Q: We bought a vacation/rental condo at the end of last year. What can we write off and how should this property be setup to gain tax advantages? Our AGI is over the limit.
--Nancy
The following answer was provided by Mark Misselbeck, CPA, Levine Katz Nannis & Solomon PC, Needham.
A: You have wandered into the Vacation Home Rules Area of Tax Law. From your question, it cannot be determined if this will solely be a rental property or partially rented and partially used for you own vacations (I suspect that the second circumstance applies). If it is solely a rental property, you would report it on Schedule E, depreciate the condo cost over 27.5 years using straight line depreciation (unless it is outside of the U.S., in which case it is depreciated over 40 years), on a mid-month convention. All expenses would be claimed against the rent income.

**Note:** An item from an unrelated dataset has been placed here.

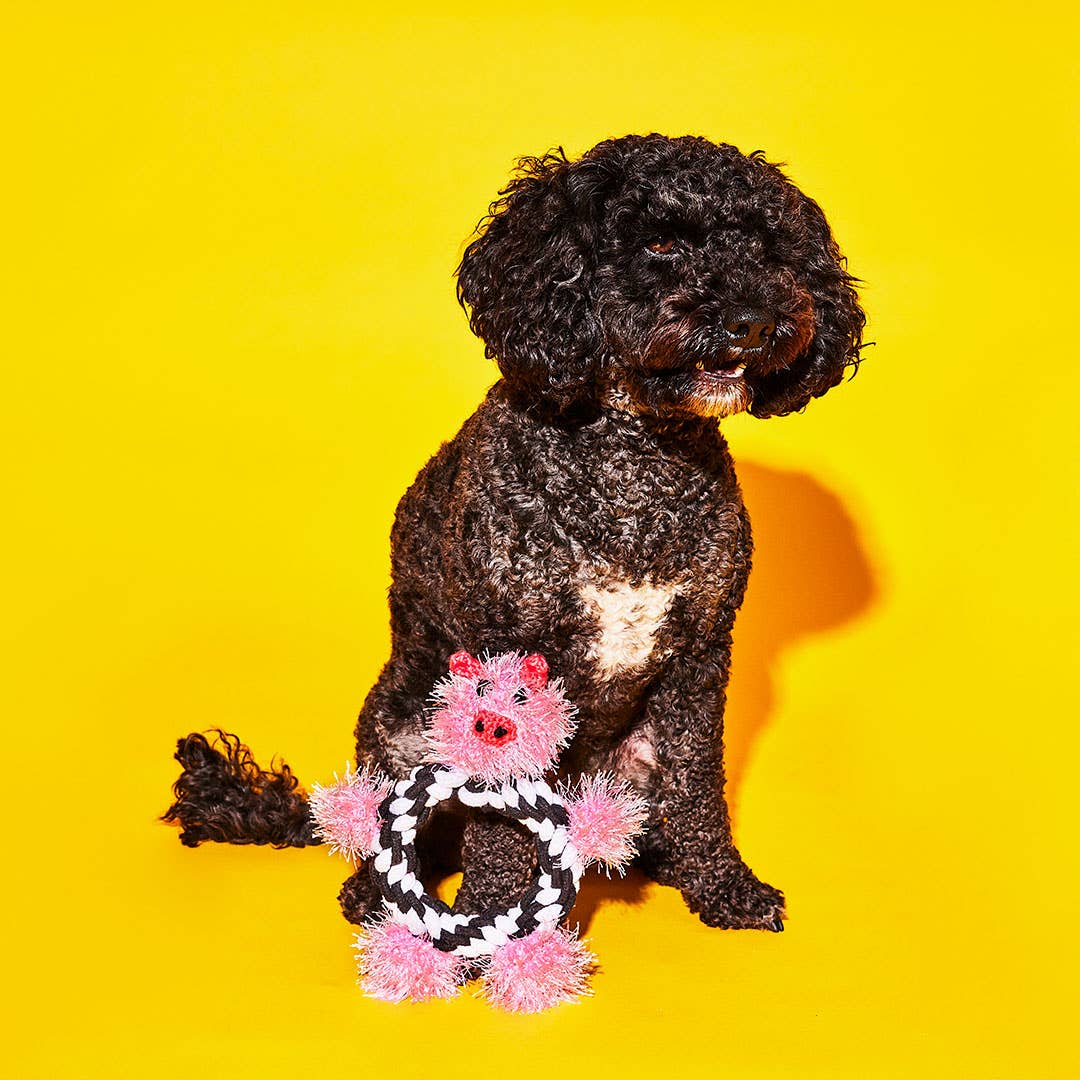 A cute pink rope toy shaped like a pig for playing tug, next to a black fluffy dog, set against a bright yellow background.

If you are active in managing the property, you may claim losses of as much as $ 25,000/yr., provided your Adjusted Gross Income is under $ 100,000, before taking the rental activity into account. Prepare Form 8582 to calculate the allowable loss.
If you use it for YOUR vacations, as well as renting it out, the rules are more complex. If you rent for no more than 14 days, do not report the rents and claim mortgage interest (as a second home) and real estate taxes on your Schedule A. If you use it personally for no more than 14 days (or, if longer, 10% of the number of days that the property has been rented for the year), then report the rents and claim 100% of the expenses on Schedule E. If you rent it for more than 14 days AND use it more than the allowed period (14 days or 10%, as described, above), you must allocate the expenses, including depreciation, based on the rental days vs. the personal use days. The IRS has a publication that gives you the details and worksheets that can be down loaded from their web site (irs.gov) that goes into detail regarding the rental rules for vacation property - Publication 527.